** PROBLEM DETAILS **
Every line from the one with "Cozimangoe Laptop Sleeve, 13-14" to the one with "green crystal star emoji", including those two, is to be copied exactly; all other lines of the entries below are left out.

** PROVIDED DATA **
##########

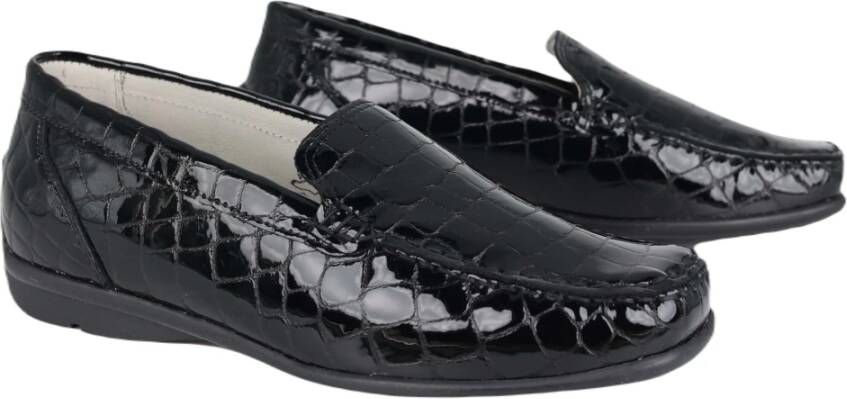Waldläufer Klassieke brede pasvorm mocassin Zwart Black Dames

##########

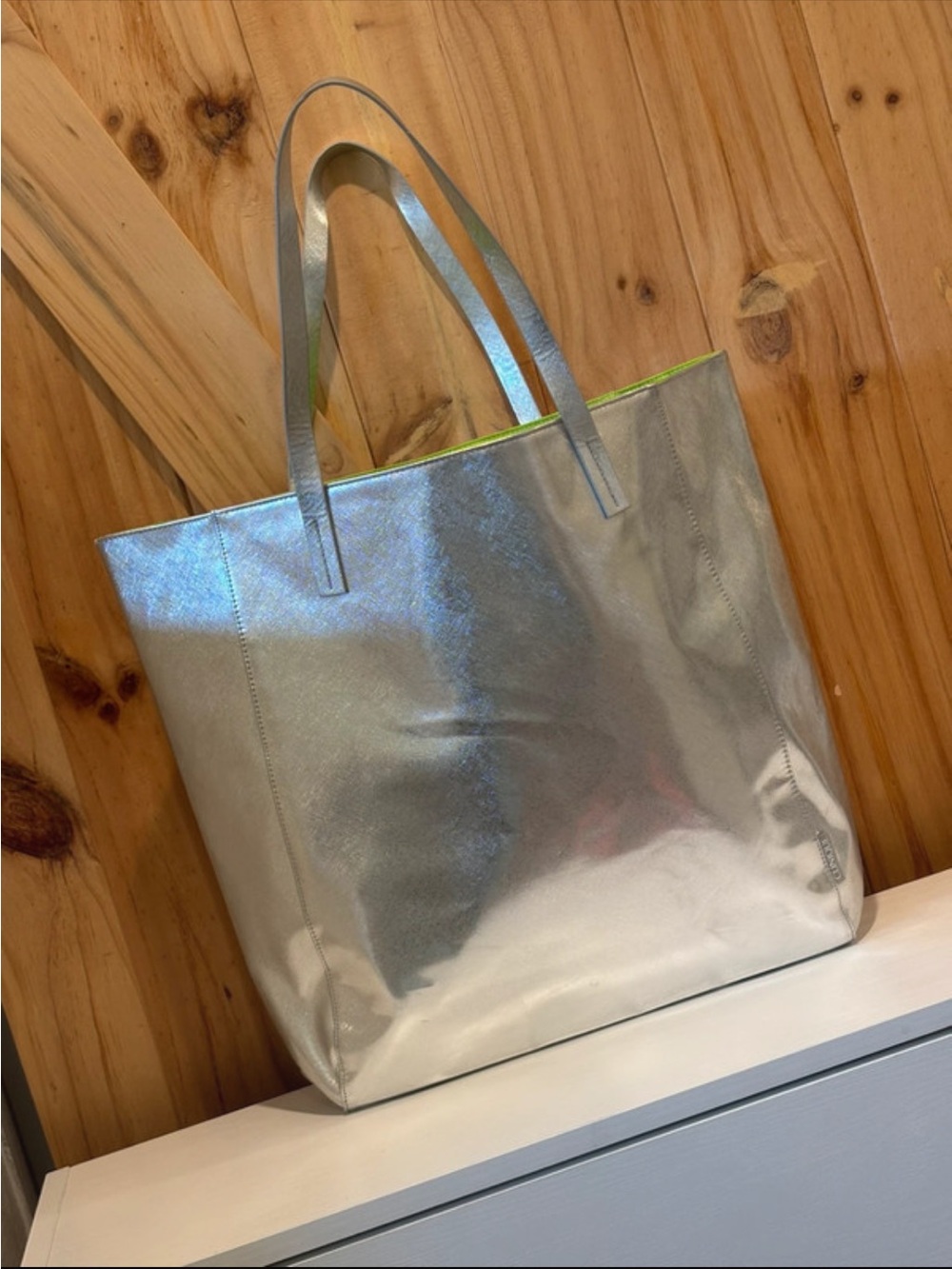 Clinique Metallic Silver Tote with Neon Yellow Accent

##########

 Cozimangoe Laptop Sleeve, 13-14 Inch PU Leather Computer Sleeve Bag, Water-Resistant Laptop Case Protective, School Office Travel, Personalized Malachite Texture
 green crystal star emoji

##########

** ANSWER TO THE EXERCISE **
 Cozimangoe Laptop Sleeve, 13-14 Inch PU Leather Computer Sleeve Bag, Water-Resistant Laptop Case Protective, School Office Travel, Personalized Malachite Texture
 green crystal star emoji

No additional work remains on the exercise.